Mano, eu não tô entendendo nada.

Caso você esteja perguntando, Pedro fora o único que atendera o telefone.

Whatever, eu dou um jeito no Google.

Pedro suspirou.

957T10 , cara.

— Isso é uma gíria?

Isso é a resposta para os seus problemas.

— É a linha? Porra, cara, valeu.

Espera, você acabou de dizer “Porra, cara, valeu”?

Parei por um minuto, analisando a frase anterior.

— É por isso que eu preciso pegar esse ônibus. E, hum, Giorno... Sobre você ser o cachorrinho da Soleil...

— Relaxa, cara, sei que você não pensa mesmo isso.

Eu pensava mesmo isso, mas acho que esse é o tipo de coisa que você guarda para si mesmo quando está tentando não perder o seu último amigo.

Desci as escadas de dois em dois degraus; uma hora até tentei pular três, mas tropecei e quase rolei escada abaixo.

— DONA CLÁUDIA, TÔ SAINDO!

— Você não vai precisar mesmo do carro, querido? O Flávio deve chegar daqui a uma hora e meia, mais ou menos, se não ficar preso no trânsito.

— Não, eu, hum... Eu não posso esperar. Tchau!

Corri para fora de casa e andei até o ponto de ônibus, repetindo “975T10” um pouco alto demais, o que eu acho que até me impediu de ser assaltado, porque os caras acharam que eu era esquizofrênico ou sei lá.

Vinte minutos depois, o ônibus chegou. Eu entrei nele, entreguei três reais ao cobrador e tentei me conformar com o cheiro de cecê e com as pessoas feias. Desculpe, eu sei que isso não é educado, mas fingir não deixa as pessoas menos feias e fedidas.

Segurei na barra e fiquei em pé, sacudindo mais do que deveria e me perguntando seriamente se o motorista tinha labirintite.

Até que o saculejo parou, porque o ônibus parou. Isso se dava ao fato de que a avenida parara. Porque essa é a coisa de São Paulo, do nada as avenidas resolvem parar e as pessoas esquecem como se dirige.

Dei um tapa dramático na barra.

I hate this city! I fucking hate this city!

— Puta, mano, esses gringos idiotas vêm pra Copa e acham que podem reclamar de tudo, eu, hein — dois caras discutiam atrás de mim.

Encarei-os.

— Eu entendo o que vocês dizem.

— Bom pra você, parça.

Talvez você não tenha percebido, mas eu entro na defensiva quando ouço palavras que desconheço.

— Você que é... mano.

Não preciso mencionar que eles tiraram sarro de mim a viagem inteira, preciso? Ótimo.

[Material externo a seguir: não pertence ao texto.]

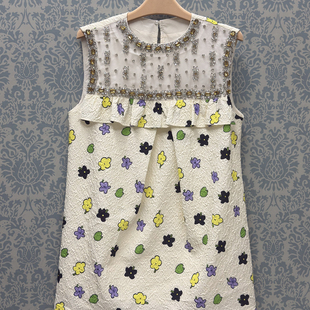 2026早春新款 连衣裙女白色花朵印花轻奢气质裙 MIU系重工水钻无袖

O que importa é que, depois de um longo período de tempo, eu encontrava-me em frente ao Parque Villa Lobos, sem um puto no bolso ou ideia de o que dizer.

Subi por uma rua cujo nome não sabia até chegar à praça que ela uma vez me levara. Continuei pelas casas chiques até a Av. Pio XI, e logo estava na frente da casa dela. Mas eu sabia que aquilo era apenas o começo.

Pulei a cerca lateral e tirei meu tênis, acertando-o na janela dela.

— Peruzzo!

Sem resposta, mas a luz do quarto estava acesa, o que era ainda pior.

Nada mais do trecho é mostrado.